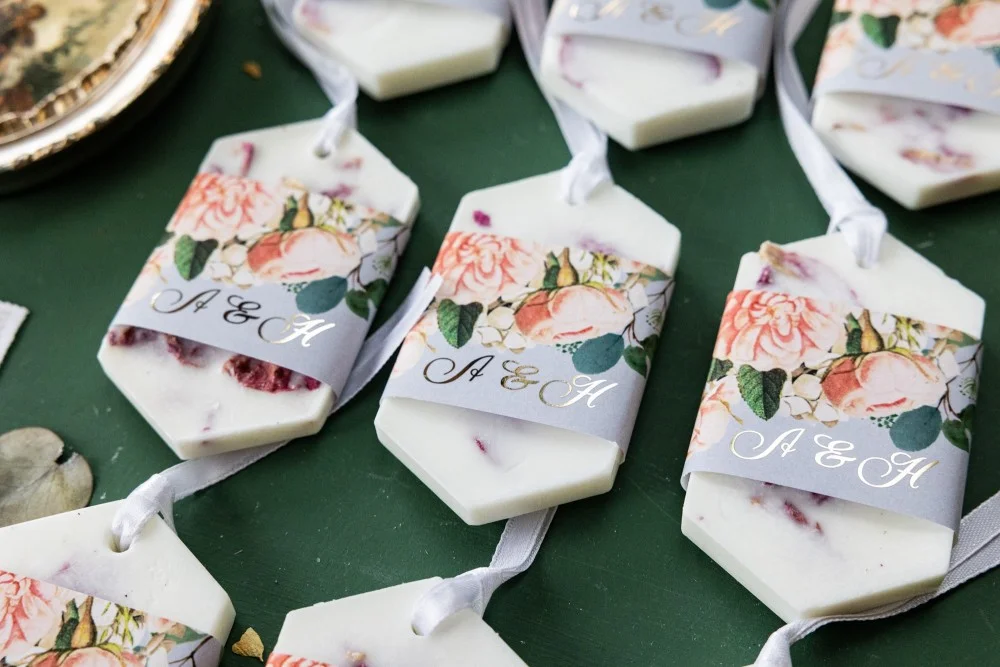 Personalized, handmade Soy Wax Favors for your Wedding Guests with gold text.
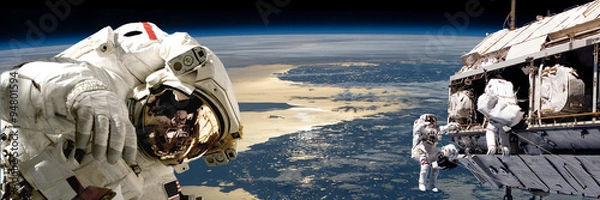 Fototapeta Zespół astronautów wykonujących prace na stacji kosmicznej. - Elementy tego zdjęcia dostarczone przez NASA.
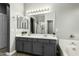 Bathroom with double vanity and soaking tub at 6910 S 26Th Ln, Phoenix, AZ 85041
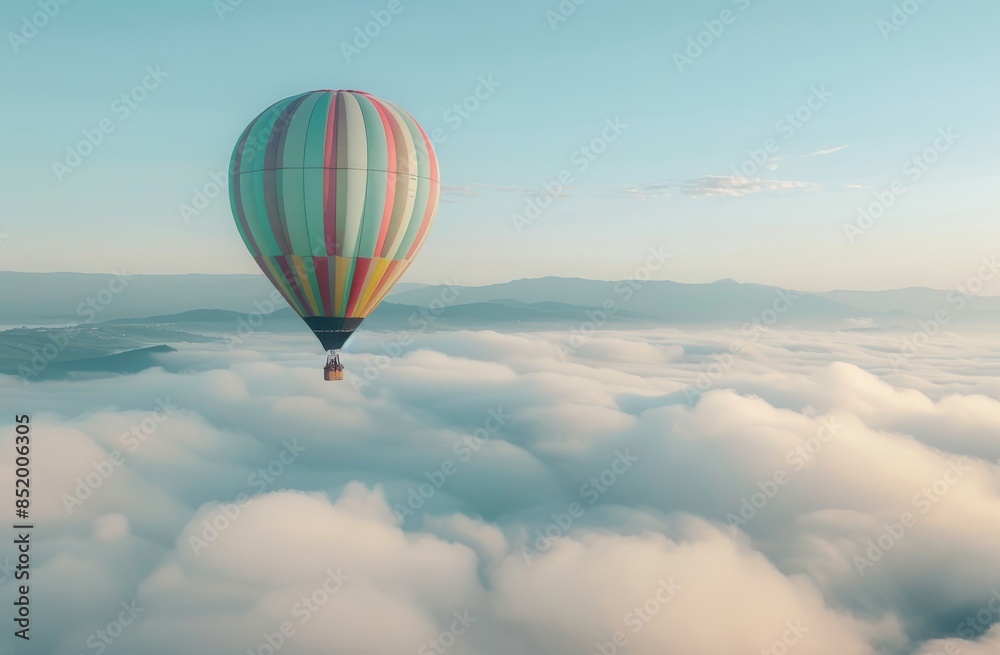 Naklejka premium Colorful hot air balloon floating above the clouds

● Work task
From the line containing "Bathroom with double" down to the last line of the data, print every line exactly and nothing else. Pictures stay out of the copy.

● Answer space
 Bathroom with double vanity and soaking tub at 6910 S 26Th Ln, Phoenix, AZ 85041
 Naklejka premium Colorful hot air balloon floating above the clouds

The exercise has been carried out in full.